We don’t know what it will cost to fix yet, but as you can imagine, air conditioning repair is in high demand right now. So the repair guy won’t be here until around 4:30 this afternoon. While we don’t have long to wait (hopefully), the experience made me feel even worse for the people around the country who suffered through this heat wave with no air conditioning or no power — not only did they not have air conditioning, they didn’t even have fans. Not to mention their refrigerators and freezers weren’t working, and in this heat, there’s pretty much no saving anything that requires refrigeration. My heart goes out to anyone who went through that ordeal.
I also realized that because I’ve been privileged enough to live in air conditioned homes my whole life, I have no idea how to go about keep a house cool without it. I did a little research last night to make sure that we’re as comfortable as possible today, and I wanted to share what I learned. It’s helpful information to have if your air conditioner ever stops working during a heat wave, and might even be a good way to save some money.

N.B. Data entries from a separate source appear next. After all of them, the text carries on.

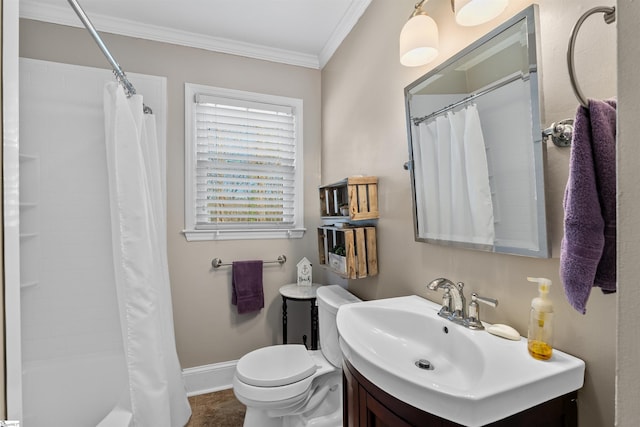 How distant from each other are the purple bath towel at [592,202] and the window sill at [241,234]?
6.24 feet

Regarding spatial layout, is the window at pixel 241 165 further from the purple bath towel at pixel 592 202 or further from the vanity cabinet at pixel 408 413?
the purple bath towel at pixel 592 202

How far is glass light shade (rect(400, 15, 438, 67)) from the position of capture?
1.13 metres

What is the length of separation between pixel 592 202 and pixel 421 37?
0.86 m

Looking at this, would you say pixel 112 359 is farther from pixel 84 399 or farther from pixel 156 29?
pixel 156 29

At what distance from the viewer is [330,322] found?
1623mm

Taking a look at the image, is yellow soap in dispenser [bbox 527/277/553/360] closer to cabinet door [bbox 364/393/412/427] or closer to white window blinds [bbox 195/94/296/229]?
cabinet door [bbox 364/393/412/427]

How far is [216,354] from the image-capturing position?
2.17 meters

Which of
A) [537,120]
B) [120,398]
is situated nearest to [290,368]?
[120,398]

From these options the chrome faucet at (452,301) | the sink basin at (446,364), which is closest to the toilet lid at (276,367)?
the sink basin at (446,364)

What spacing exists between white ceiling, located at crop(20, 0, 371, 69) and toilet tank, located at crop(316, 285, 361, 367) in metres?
1.70

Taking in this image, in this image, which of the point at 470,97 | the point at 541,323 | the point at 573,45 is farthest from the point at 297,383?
the point at 573,45

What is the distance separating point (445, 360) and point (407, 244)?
0.55m

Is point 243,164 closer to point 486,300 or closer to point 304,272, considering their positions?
point 304,272

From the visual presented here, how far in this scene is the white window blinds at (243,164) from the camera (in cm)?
218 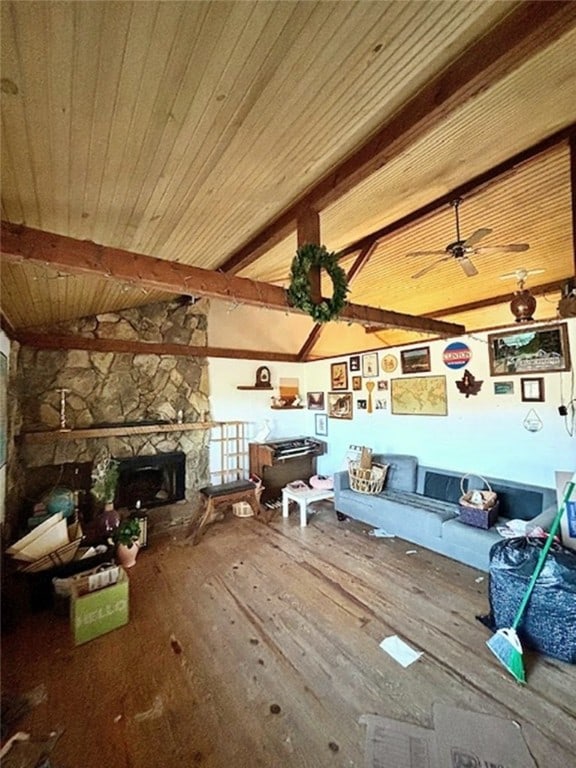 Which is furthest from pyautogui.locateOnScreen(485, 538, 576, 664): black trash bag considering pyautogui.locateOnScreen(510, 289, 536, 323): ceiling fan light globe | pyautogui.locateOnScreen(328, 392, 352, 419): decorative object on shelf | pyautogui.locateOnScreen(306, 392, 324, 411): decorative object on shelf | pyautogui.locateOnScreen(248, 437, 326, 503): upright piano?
pyautogui.locateOnScreen(306, 392, 324, 411): decorative object on shelf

If you can keep your house cool without air conditioning and only crank up the unit when the temperatures go way up, it would cut your summer cooling costs considerably.
Opening the windows isn’t always the best option.

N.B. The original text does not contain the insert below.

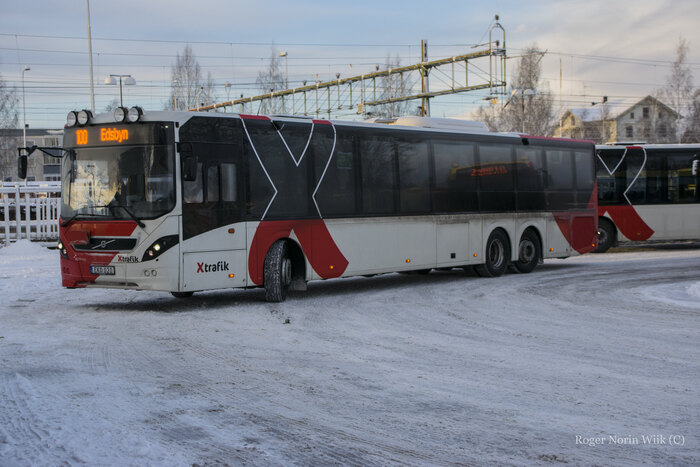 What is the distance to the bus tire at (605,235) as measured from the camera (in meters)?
26.3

This was the biggest lesson I learned in my research. When it’s hot, my first instinct is to open the windows. But we’ve noticed on warm days early in the cooling season when we’re resisting the urge to turn on the air, it’s actually cooler in the house when the windows are closed.
If it’s warmer outside that it is in your house, it’s actually better to close the windows to keep that hot air from getting inside. The best strategy is to open the windows after the sun sets and the temperatures cool, use fans to pump as much cool air as possible into the house in the evening and night, and then close the windows in the morning when the temperatures start to go up. That way you’ll hold the cool evening air in the house as long as possible.
Close the shades.
If you’re living without air conditioning, the best way to stay cool is to keep the sun from shining through your windows. You can do this by closing the shades, closing the curtains, or installing reflective film on the windows. All of these options are actually good ways to increase the efficiency of your air conditioner as well, so it’s a good idea to keep the shades closed on really hot days and install reflective film even if your air conditioner is working.

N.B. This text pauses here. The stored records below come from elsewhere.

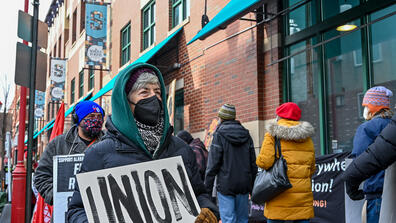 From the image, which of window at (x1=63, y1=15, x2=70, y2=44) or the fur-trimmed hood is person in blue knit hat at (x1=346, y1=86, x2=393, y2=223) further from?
window at (x1=63, y1=15, x2=70, y2=44)

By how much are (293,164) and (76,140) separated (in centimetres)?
231

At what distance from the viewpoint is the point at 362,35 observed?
269 inches

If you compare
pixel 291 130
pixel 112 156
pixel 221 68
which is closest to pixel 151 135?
pixel 112 156

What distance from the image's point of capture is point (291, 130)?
16.0ft

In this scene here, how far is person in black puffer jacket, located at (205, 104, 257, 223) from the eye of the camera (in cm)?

Maximize air flow through your house.
When your air conditioner is running, most experts agree that it’s smart to close the vents in rooms you don’t use and keep the door closed so you’re only using energy to cool the rooms you use most. When you’re counting on outside air to keep the house cool, the opposite is true. Open as many windows in as many rooms as possible and leave all the doors open to allow air to flow through the house. If windows are open on opposite sides of a room, it will create a nice cross breeze and cool things down even more.
Create a cross breeze using fans.
You can simulate the effects of a cross breeze by strategically placing fans on opposite sides of a room. Air feels much cooler when it’s moving, so you’ll be more comfortable in a warm room if the air is circulating.
Wear (and sit on) breathable fabric.
It’s common sense that when it’s hot, you should wear light, breathable fabrics like cotton, and dress minimally to keep cool. Also consider the fabric you’re sitting on. I noticed last night that I was much more comfortable on our cotton slipcovered sofa than I was when I sat in the microfiber recliner. If your couch or chairs are made of synthetic fibers like microsuede or a material that doesn’t breathe well like leather, cover them with a cotton sheet. Not only will you feel cooler while sitting on them, but it will also save your sofa from excessive sweat (yuck).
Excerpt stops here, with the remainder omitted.